Theme For English B is both realistic and controversial, as it speculates on the stance of being and human beings placed in suchlike being, so to speak. In other words, the lines from the poem reflect the idea of inner contradiction and eagerness to find out the truth. Langston Hughes sheds light on veiled phrases and words in his poem. In fact, the next lines are in focus:
Being me, it will not be white.
But it will be
a part of you, instructor.
You are white---
yet a part of me, as I am a part of you.
That's American (Anderson and Runciman 44).
As far as I can see, the use of “it” demonstrates a social protest of the narrator in order to show the versatility of the society. In other words, while reading these lines I feel that the American society cannot be related to the supremacy of the one race only. By contrast, it holds cross-cultural and the cross-relational virtues posited by the creators of the American democracy. “It” becomes a “part of you” once you have a clear idea of what America is. There is no tribute to physical but more to human and socially correct behavior notwithstanding the historical (largely tragic and disgraceful) past. Social conflict as well as long-lasting social debate in the American society is noteworthy through showing inequality at its shape, so to speak.

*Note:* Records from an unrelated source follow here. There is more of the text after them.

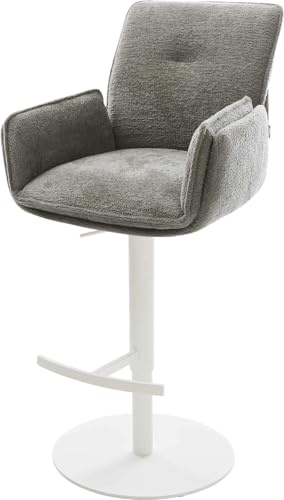 DELIFE Barstuhl NELA-Flex Drehfuß höhenverstellbar Metall Weiß Bouclé Soft Schlamm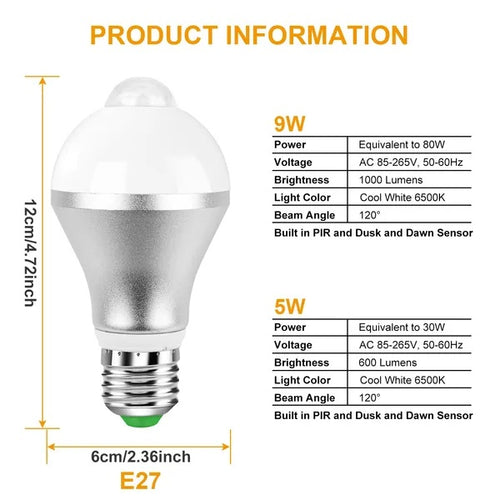 E27 Motion Sensor LED Bulb – 6500K Cool White, 5W or 9W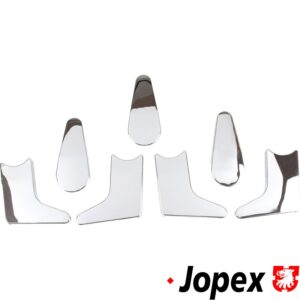 Seat hinge cover set, chrome, 7 pieces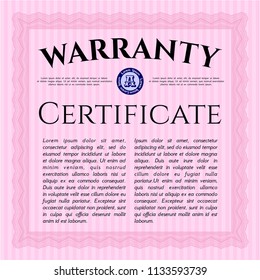 Pink Warranty template. With linear background. Vector illustration. Money Pattern. 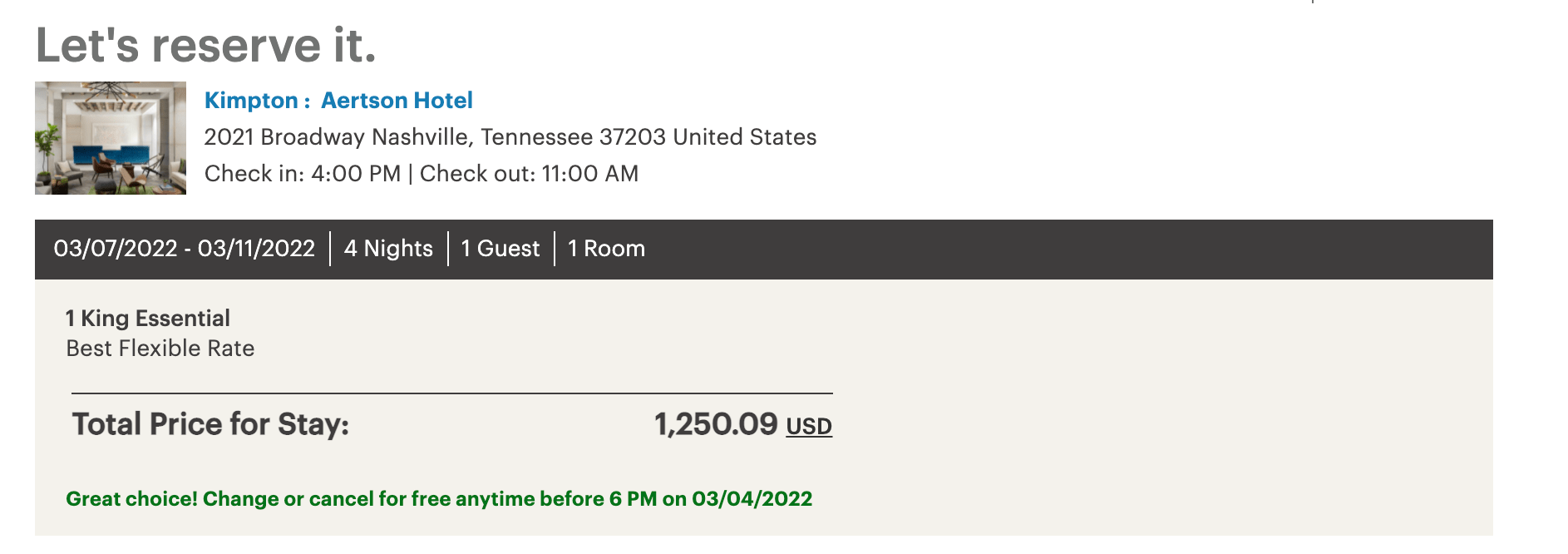 Buy IHG points Kimpton Aertson Example 2022 3 Monkey Miles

Thus, I may draw certain conclusions in that differences in color provoked by differences in socio-political development divided between various social groups and ethnicities are not a reason to say that everything American does not belong to you. That is, with the American identity, individuals are to share American values, virtues, responsibility, and amenities despite what people say but according to the law and social norms. This is the way Langston Hughes is about to hint on the significance of being a part of the society where mutual relationships between people are not marked with racial discrimination.